The largest category of soccer in the United States in terms of participation is boys' and girls' youth soccer. Soccer is one of the most played sports by children in the United States. In 2012, soccer was the #1 most played team sport by high school boys, and soccer overtook softball to become the #3 most played team sport by high school girls. As of 2006, the U.S. was the #1 country in the world for participation in youth soccer, with 3.9 million American youths (2.3 million boys and 1.6 million girls) registered with U.S. Soccer. Among girls, the U.S. has more registered players than all other countries combined.
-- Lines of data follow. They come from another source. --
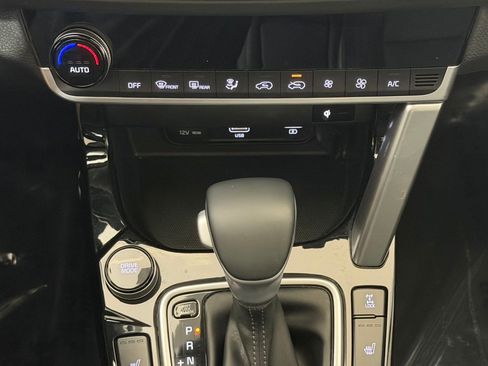 Used 2021 Kia Seltos SX w/ SX Sunroof Package AWD/4WD image 17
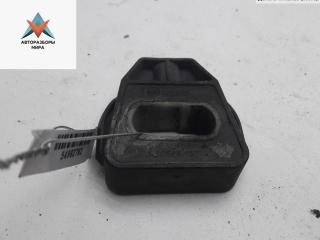 кронштейн радиатора Volkswagen Golf 4 поколение 2001, 1.4 л., бензин, МКПП, серый, хетчбэк 5 дв., 1J0806157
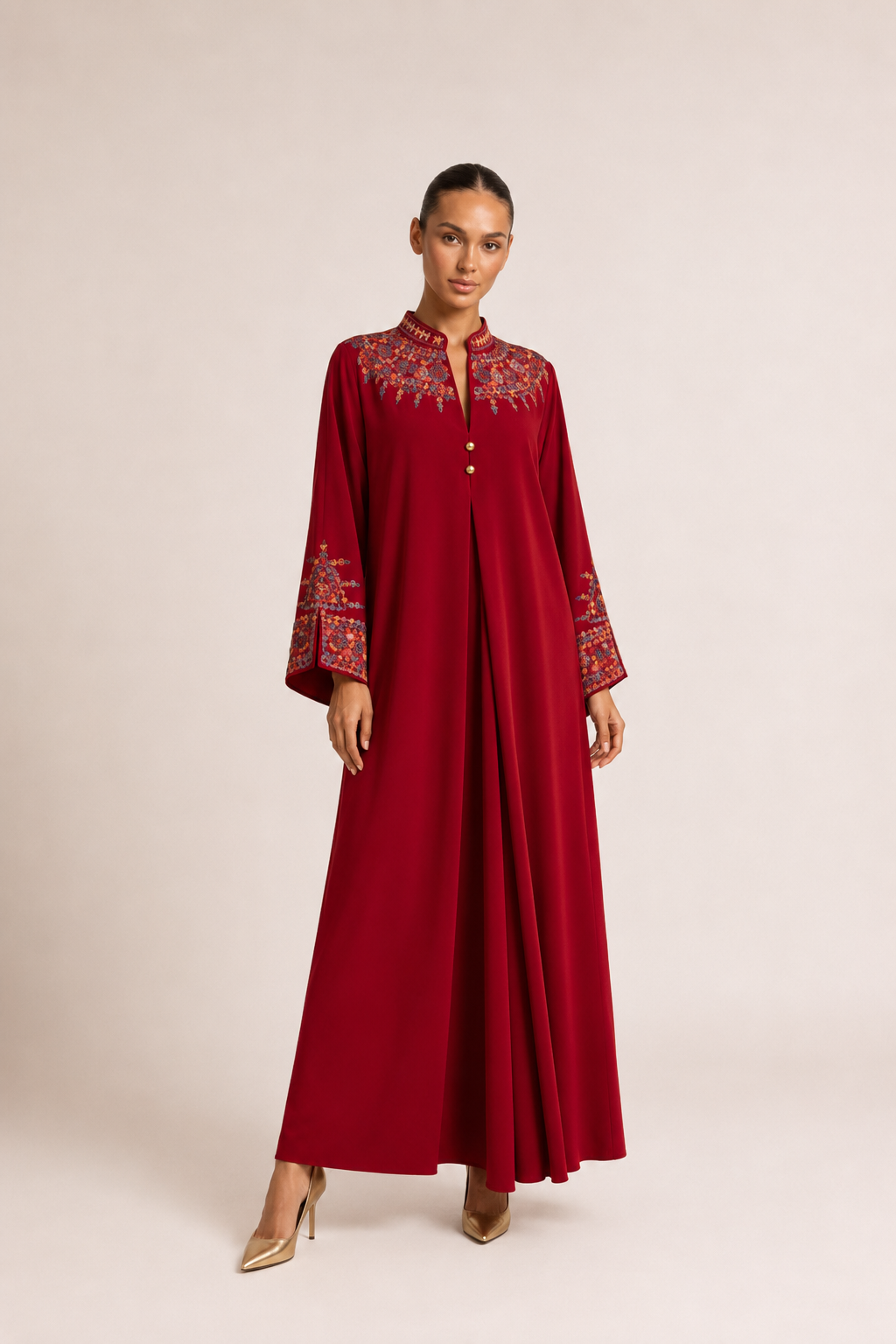 Seltene Abaya mit Ornamenten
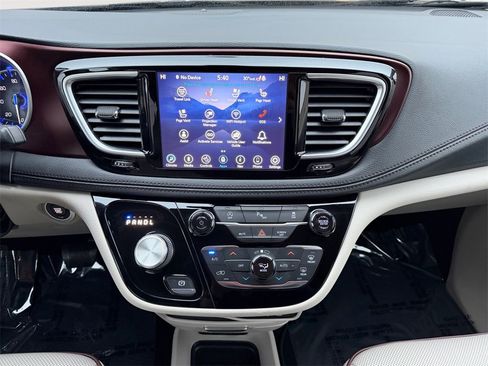 Used 2020 Chrysler Pacifica Limited image 26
The number of high school soccer players more than doubled from 1990 to 2010, giving soccer the fastest growth rate among all major U.S. sports.

In recent decades, more youth sports organizations have turned to soccer as a supplement to American football, and most American high schools offer both boys and girls soccer. Due to the rising number of youths playing, the term "soccer mom" is used in American social and political discourse to describe middle- or upper-middle-class suburban women with school-age children. Americans between the ages of 12 and 24 rank professional soccer as their second favorite sport behind only American football. And in 2011, the FIFA video game ranked as the #2 most popular video game in the country, behind only Madden NFL.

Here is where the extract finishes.